Almost every parent of a nonverbal autistc child has asked the question, “will my child ever speak?”  As they progress and develop while continuing not to speak, they often wonder if it will ever be possible for them to achieve scholastically or even graduate high school.   Many parents of non verbal autistic children think that automatically means they are low functioning when that couldn’t be further from the truth.  While it is true that many autistic people will never speak more than a few words, evidence has shown that lack of communication does not always equal lack of cognitive ability.  There are countless examples of non verbal  autistic people excelling regardless of their inability to speak verbally.  Many speech therapists work diligently to facilitate conversation using  talk devices, sign language, PECS cards and other nonberbal means of communicating.  Everyday nonverbal people work to overcome language barriers and the challenges of being non speaking in an auditory world.  

Autistic Valedictorian 

An estimated 40% od autistic people are nonverbal and will never develop the ability to speak.  Elizabeth Bonker, a Floria senior at Rollins University,  was  one of those people, often bullied due to her lack of verbal communication,  Bonker went on to be unanimously voted as valedictorian by her graduating class. Bonker, who hasn’t spoken since shortly after her first birthday, unlocked a whole new world when she learned how to type.  After unlocking this new skill, communicating with others became easier.  The use of this device helped Bonker to overcome challenges  and her Whereas not everyone knows sign language, Bonkker’s communicating device was able to be her voice.  Recently she was able to use that type-to-talk device to deliver a powerful graduation speech,  advocating for other nonverbal autistics, herself becoming a voice for the voiceless.  .  

Nonverbal UC Berkley Grads 

David Tepitz and Hari Srinivaen are two recent graduates of UC Berkeley.  These high achiever friends not only share a high GPA and alma mater, they also both are on the autism spectrum, diagnosed with Apraxia, a form of autism that limits communication, imitative movements and mimicking: keys to language development.  Both use type-to-talk devices to augment their communication and are great examples that autism does not always impair cognition or mental acuity.  David, who depends on assistance from an aide, not only graduated with a near perfect 3,875 GPA but a minor in disability studies as well.   Not to be outdone, Hari graduated with a perfect 4.0 GPA and a fellowship at Vanderbilt University to pursue a Phd in neuroscience.  

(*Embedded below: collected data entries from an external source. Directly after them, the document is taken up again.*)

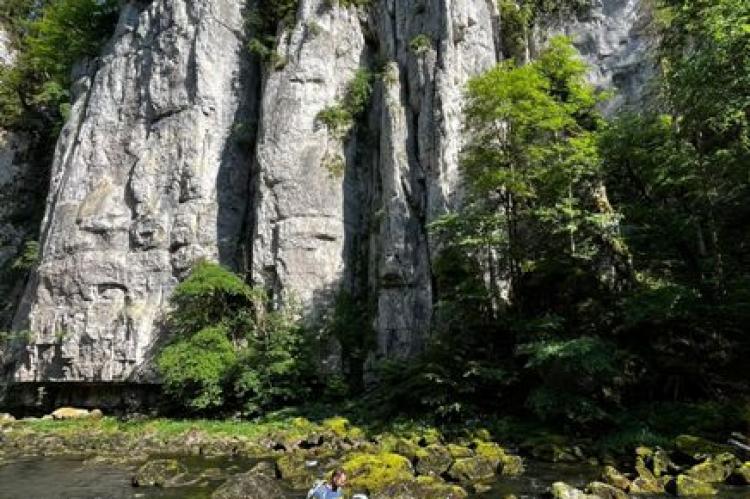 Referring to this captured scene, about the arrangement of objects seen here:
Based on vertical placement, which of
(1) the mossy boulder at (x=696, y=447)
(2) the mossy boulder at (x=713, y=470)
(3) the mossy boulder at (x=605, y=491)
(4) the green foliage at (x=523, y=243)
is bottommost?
(3) the mossy boulder at (x=605, y=491)

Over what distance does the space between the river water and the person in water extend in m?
3.12

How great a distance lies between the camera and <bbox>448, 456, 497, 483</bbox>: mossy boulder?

Speaking Is Not Always Linear

As demonstrated in the examples above not all forms of speaking are verbal, linear, or auditory.  Advances in technology have made it easier to communicate without words, across borders and miles and subsequently across disability types.   From type-to-speak apps and devices to simple words typed out in Google docs or Microsoft Word, technology has made it increasingly easier to communicate.  Whereas a nonverbal person may have faced challenges without assistive technology before, today even if your nonverbal loved one never verbally speaks a word, that doesn’t mean they can’t communicate, or learn “to talk”.  Many speech pathologists teach caregivers to focus on any sort of communication or language attempts, even nonverbal ones.  Instead of asking IF our nonerbal autistic will ever speak, it is better to ask, HOW they will speak.  Whether using signs, nonverbal cues, typing, or other ways to signal their needs, everyone will talk someday, we just have to be listening.